I have to admit, I cheated a little on this review. When I saw Orphan Train on a book tour list ahead of Kline’s upcoming new release, A Piece of the World, I had to choose them both, even though I read Orphan Train already last year. I had heard about it multiple times and thought it sounded good, so I borrowed it from the library and dove in.
“A lovely novel about the search for family that also happens to illuminate a fascinating and forgotten chapter of America’s history. Beautiful.”—Ann Packer
The story jumps between two times and places: present-day Maine and Depression-era Minnesota. Our main characters are a troubled teen (Molly) in a foster home and a 91-year-old woman (Vivian) with a hidden past as an Irish immigrant on the orphan train. Both women’s struggles to define “family” ends up forming a bond between the two that neither of them expect.

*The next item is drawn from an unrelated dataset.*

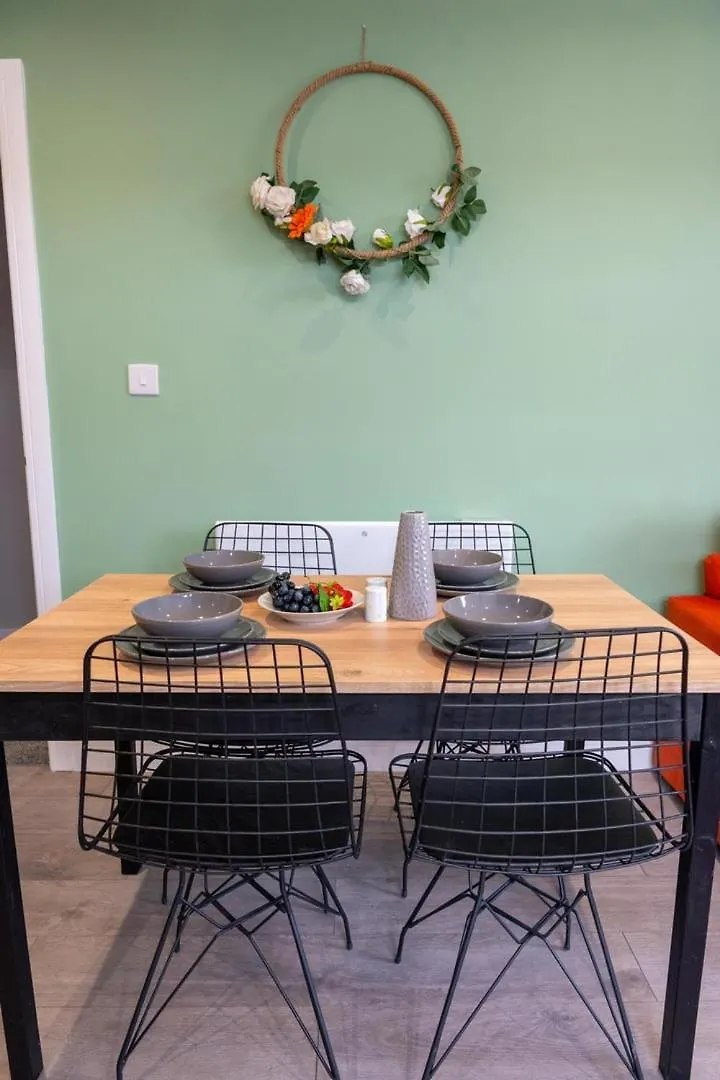 Cozy 2-Bedroom - Cyncoed Area Cardiff 0*,  United Kingdom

As a child, Vivian was an Irish immigrant forced to ride the orphan train, a real occurrence in U.S. history – immigrant children were forced to take a train into the Midwest to be selected by families. Many of these selections weren’t for reasons that families adopt children today – they were chosen more to work.
As Molly sorts through Vivian’s attic as a community service project, we dive deeper into Vivian’s story of hardships she suffered at the hands of a couple different families in Minnesota. The story was so captivating and emotional, I just loved it. I loved the parallels between the lives of the two women, and the way they connect with each other, even across several generations. I won’t give away the ending, but it was, in my opinion, the best way the story could have ended.